Voilà ce que cache la pointe de l'iceberg dont nous parlions au début de ce texte, le naufrage de l'ensemble du système de la production fictionnelle en Tunisie. Les artistes, actrices et acteurs, scénaristes, réalisateurs et techniciens créateurs, qui forment le corps de la fiction tunisienne, sont, à l'image de l'iceberg, complètement noyés.

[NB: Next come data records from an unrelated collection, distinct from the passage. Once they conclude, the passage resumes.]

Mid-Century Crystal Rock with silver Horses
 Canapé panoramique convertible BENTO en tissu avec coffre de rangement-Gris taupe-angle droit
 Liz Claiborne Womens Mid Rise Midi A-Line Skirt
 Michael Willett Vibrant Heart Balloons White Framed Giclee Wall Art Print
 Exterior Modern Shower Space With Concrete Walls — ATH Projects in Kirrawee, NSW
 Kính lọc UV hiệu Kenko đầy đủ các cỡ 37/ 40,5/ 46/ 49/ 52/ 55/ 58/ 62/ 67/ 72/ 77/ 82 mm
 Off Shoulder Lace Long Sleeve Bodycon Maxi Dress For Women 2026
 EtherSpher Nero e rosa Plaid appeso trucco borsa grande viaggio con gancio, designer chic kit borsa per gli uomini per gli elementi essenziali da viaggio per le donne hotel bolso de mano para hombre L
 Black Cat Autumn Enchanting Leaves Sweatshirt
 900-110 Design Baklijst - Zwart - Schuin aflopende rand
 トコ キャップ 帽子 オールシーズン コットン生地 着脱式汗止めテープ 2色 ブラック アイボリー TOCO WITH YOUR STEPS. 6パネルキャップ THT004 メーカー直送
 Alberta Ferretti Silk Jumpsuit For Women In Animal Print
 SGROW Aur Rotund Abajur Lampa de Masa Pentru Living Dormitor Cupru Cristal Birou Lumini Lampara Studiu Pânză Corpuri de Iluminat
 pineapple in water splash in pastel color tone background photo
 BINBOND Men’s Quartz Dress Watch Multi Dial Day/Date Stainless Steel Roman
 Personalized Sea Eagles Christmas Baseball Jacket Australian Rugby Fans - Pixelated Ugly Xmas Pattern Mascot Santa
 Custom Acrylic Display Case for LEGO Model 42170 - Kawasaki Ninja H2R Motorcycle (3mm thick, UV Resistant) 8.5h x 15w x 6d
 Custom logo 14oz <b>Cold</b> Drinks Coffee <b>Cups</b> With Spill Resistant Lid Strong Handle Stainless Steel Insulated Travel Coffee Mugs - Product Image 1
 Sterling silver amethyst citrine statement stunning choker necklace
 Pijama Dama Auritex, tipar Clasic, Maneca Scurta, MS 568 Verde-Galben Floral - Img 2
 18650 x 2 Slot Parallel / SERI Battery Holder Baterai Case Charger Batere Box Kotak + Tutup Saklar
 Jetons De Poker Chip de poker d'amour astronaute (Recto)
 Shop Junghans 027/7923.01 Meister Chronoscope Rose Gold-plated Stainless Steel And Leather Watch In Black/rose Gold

A qui la faute ? Dans ce perfide jeu du «bartering», aussi bien le diffuseur que le producteur peuvent se cacher derrière des clauses de contrat, des variables de pourcentages, des dépenses raisonnablement ou virtuellement soutenues... La Haica peut soutenir le fait qu'elle a fait tout son possible pour élaborer des projets, essayer de réglementer... Le politique peut soutenir que les télévisions ne sont plus sous sa tutelle directe depuis qu'il n'y a plus de ministère de l'Information... Autant d'arguments qui peuvent dissoudre les fautes entre ces différentes composantes de l'échiquier, pourtant, la réalité est autre, les fautes ne se partagent pas, à chacun d'assumer pleinement ses propres fautes, mais aussi celles d'autrui. Les politiques et les télévisions ont longuement fait obstacle au travail de la Haica, les télévisions n'investissent guère à long terme, ne développent aucun projet éditorial et font porter leurs manquements aux producteurs... qui en plombent à leur tour les créatifs, artistes et techniciens. Faire supporter le poids de propres manquements et erreurs à l'art et aux artistes, c'est choisir de les alourdir d'un fardeau qui n'est pas le leur, c'est choisir sciemment de les envoyer par le fond... et jusqu'à preuve du contraire, les humains ne peuvent survivre que hors de l'eau. Il est urgent qu'une réelle régulation du secteur télévisuel puisse avoir lieu, il est nécessaire de baliser les parcours de production et de diffusion, il est fondamental de remettre au premier plan le contenu et sa forme et non pas les spéculations financières.
(*) Cette liste n'est pas exhaustive, d'autres œuvres peuvent certainement s'ajouter au catalogue des catastrophes financières.